:: Work task ::
Where a picture appears, leave it out, and print the rest of the records as they are.

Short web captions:
--- START ---

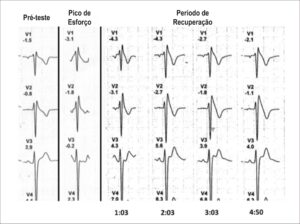 Figura 2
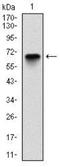 Glucose-6-Phosphate Dehydrogenase antibody, NBP2-22125, Novus Biologicals, Western Blot image 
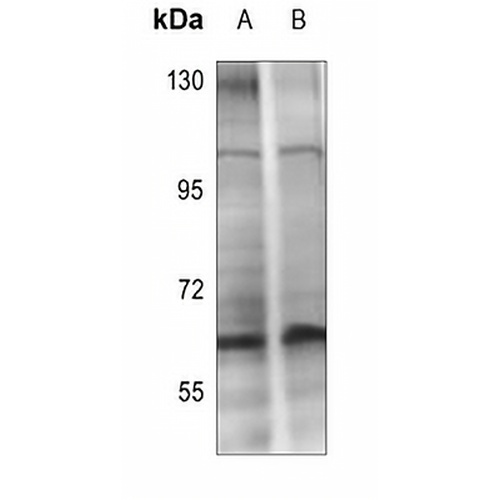 CHK2 (Phospho-T432) Rabbit Polyclonal Antibody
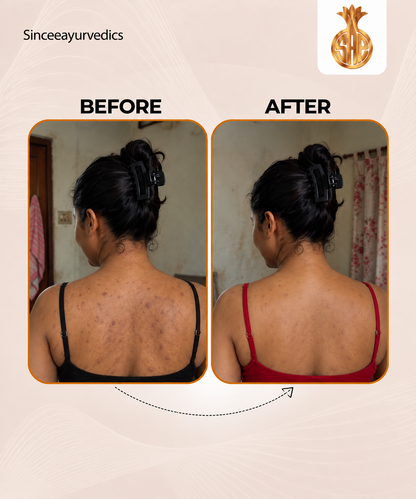 Skin Nourishing Oil – 100% Natural & Chemical-Free | 100ml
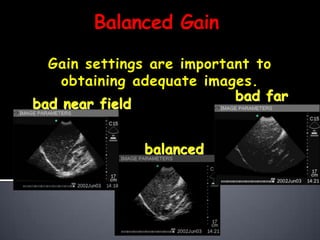 Understanding ultrasound Slide 31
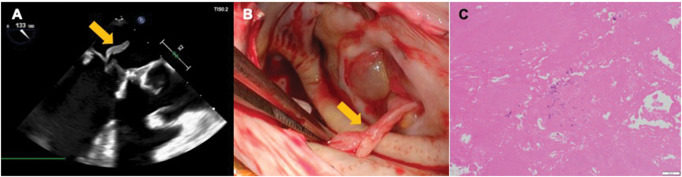 Recurrent Nonbacterial Thrombotic Endocarditis after Vegetectomy of Bioprosthetic Mitral Valve.
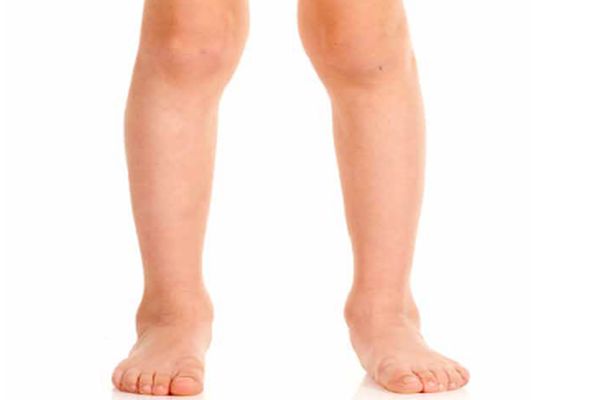 Gene valgum - dziecięca wada kolan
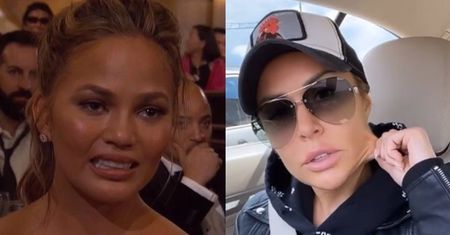 Chrissy Teigen WYCIĘŁA TŁUSZCZ Z POLICZKÓW! Obwiśnie jej skóra jak Blance Lipińskiej? (ZDJĘCIA)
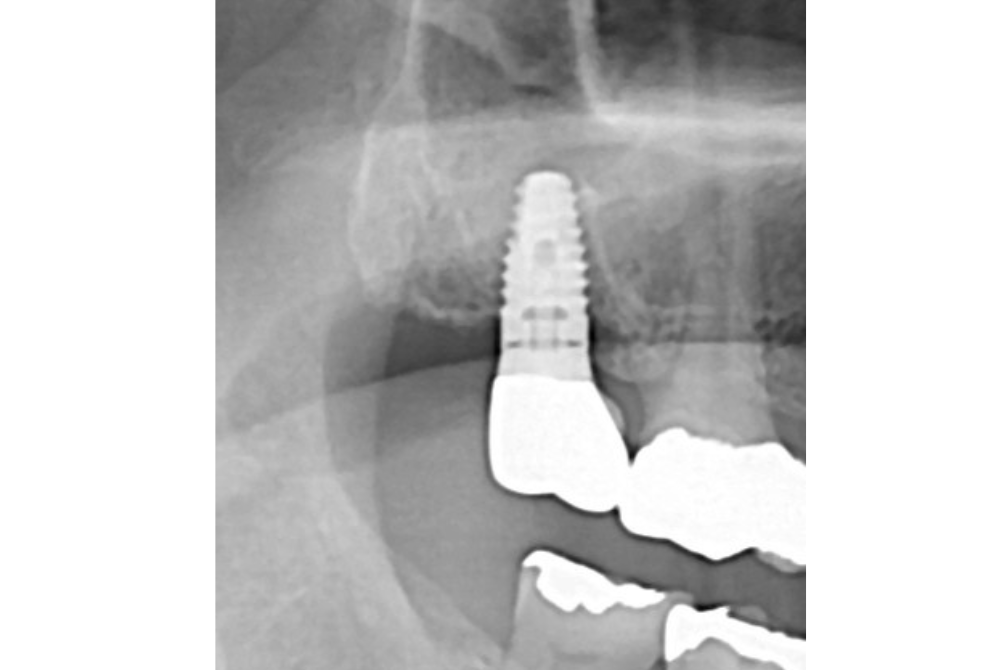 インプラント治療後（After）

--- END ---

:: The answer ::
 Figura 2
 Glucose-6-Phosphate Dehydrogenase antibody, NBP2-22125, Novus Biologicals, Western Blot image 
 CHK2 (Phospho-T432) Rabbit Polyclonal Antibody
 Skin Nourishing Oil – 100% Natural & Chemical-Free | 100ml
 Understanding ultrasound Slide 31
 Recurrent Nonbacterial Thrombotic Endocarditis after Vegetectomy of Bioprosthetic Mitral Valve.
 Gene valgum - dziecięca wada kolan
 Chrissy Teigen WYCIĘŁA TŁUSZCZ Z POLICZKÓW! Obwiśnie jej skóra jak Blance Lipińskiej? (ZDJĘCIA)
 インプラント治療後（After）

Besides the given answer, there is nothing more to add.